It all started out groovy. My three-year-old asked to drive one of those carts that look like a car and I said, "Sure!" Then I realized that I had nowhere to put the two 18-month-olds I had with me. They had to go in the cart, and my daughter had to just toddler along behind. I tried consoling her with her own tot-sized cart she could push around, but no can do on that one. She wasn't buying it. As time progressed, she got more and more upset - and finally got so mad that she wrenched her little cart over on its side and ended up screeching bloody murder, kicking and scratching the crap out of me with any attempts to grab her.
This was completely uncharacteristic of my child, but I was no stranger to whining, crying kids.
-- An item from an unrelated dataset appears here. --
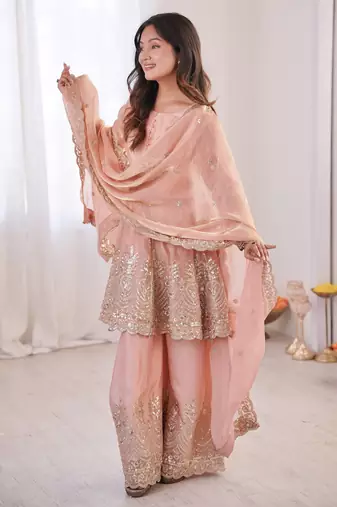 Light peach color fendy satin silk embroidery work party wear salwar suit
For sure, it was a ten on the scale of "help me," but I also knew that there was nothing to do except wait it out.
When you find yourself in a public place with a screaming, obstinate child, of course you want to die of shame, but you know what? Those cranky people with unforgiving stares haven't walked a mile in your shoes, so they can stuff it.
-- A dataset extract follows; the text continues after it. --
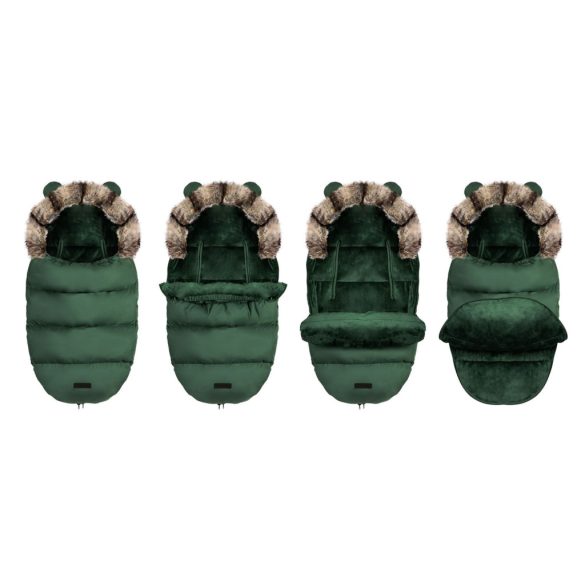 Babakocsi hálózsák, Ricokids Elmi, khaki, 95 x 48 cm, babakocsihoz és szánkóhoz, légáteresztő, lyukak a biztonsági öveknek, mosható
You're a great Mommy, so take a deep breath and try to center yourself. Those moments will happen, but they will also pass. The only thing you can do is remember to set up your day to ensure your child is fed, rested, and not over-stimulated before you head out. Have a very structured sleep schedule and don't skip naps or venture out when you know your child will be tired or hungry. That's a tantrum waiting to happen.
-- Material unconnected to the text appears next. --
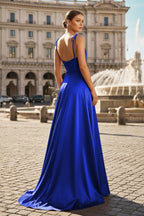 Sweet A-line Cowl Neck Silk Long Prom Dress - Curvevia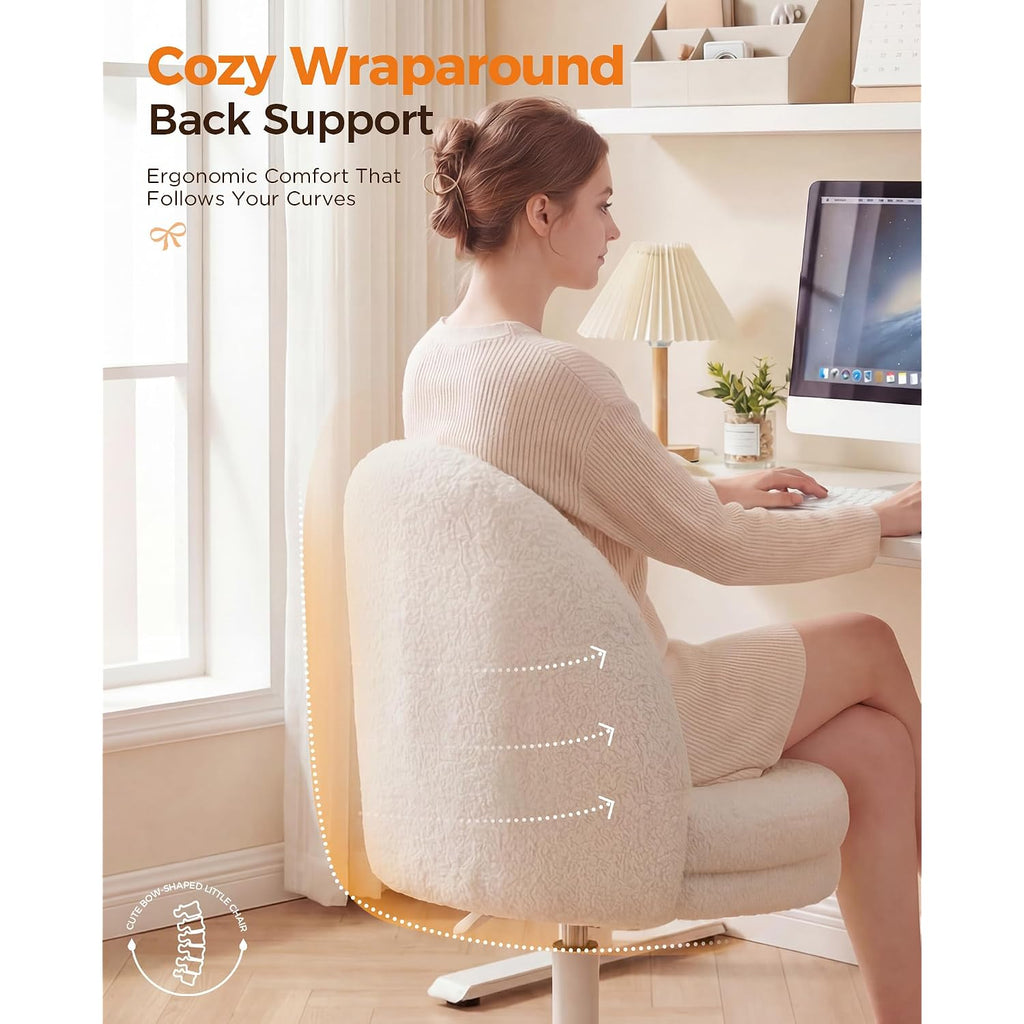 Gtplayer Velvet Tall Office Chair With Wheels Vanity Chairs With Back, Versatile Height Use: Office To Bar Stools Small Ergonomic Comfy Armlees Computer Desk Chair With Bow Lumbar Pillow For Gift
The other important thing to remember is not to set expectations. If I had a do-over, I would not have promised my child a ride in that car cart without thinking it through. Her expectation was set, and when I changed plans, it devastated her. Instead, when she asked, I should have just said, "Let me see first. I'm not sure."
Now, there's a difference in tantrums. There are three kinds: Need, Overload, and Demand. We've talked about Need and Overload above (need for sleep/rest, and avoiding overstimulating the child). When these happen, you simply have to get your child some food or rest, or get them in a calm, unstimulating environment, fast. Demand tantrums are a different animal. Those require that you don't reinforce undesirable behavior. Stop giving in to demands, otherwise you teach your child that it's okay to throw a fit to get what she wants. Not good! When your child tantrums over a demand, make sure that she doesn't get what she wants. Period. Even though it was MY fault that my child threw a fit in the grocery store, I still didn't give in to her demand. That would have reinforced the tantrum. I just had to recognize what I did wrong and vow to do better next time.
You are a terrific Mommy - big hugs to you. We are all in this together, so shake off the shame and guilt, and hold your head high. Tomorrow is another day. Make it a good one!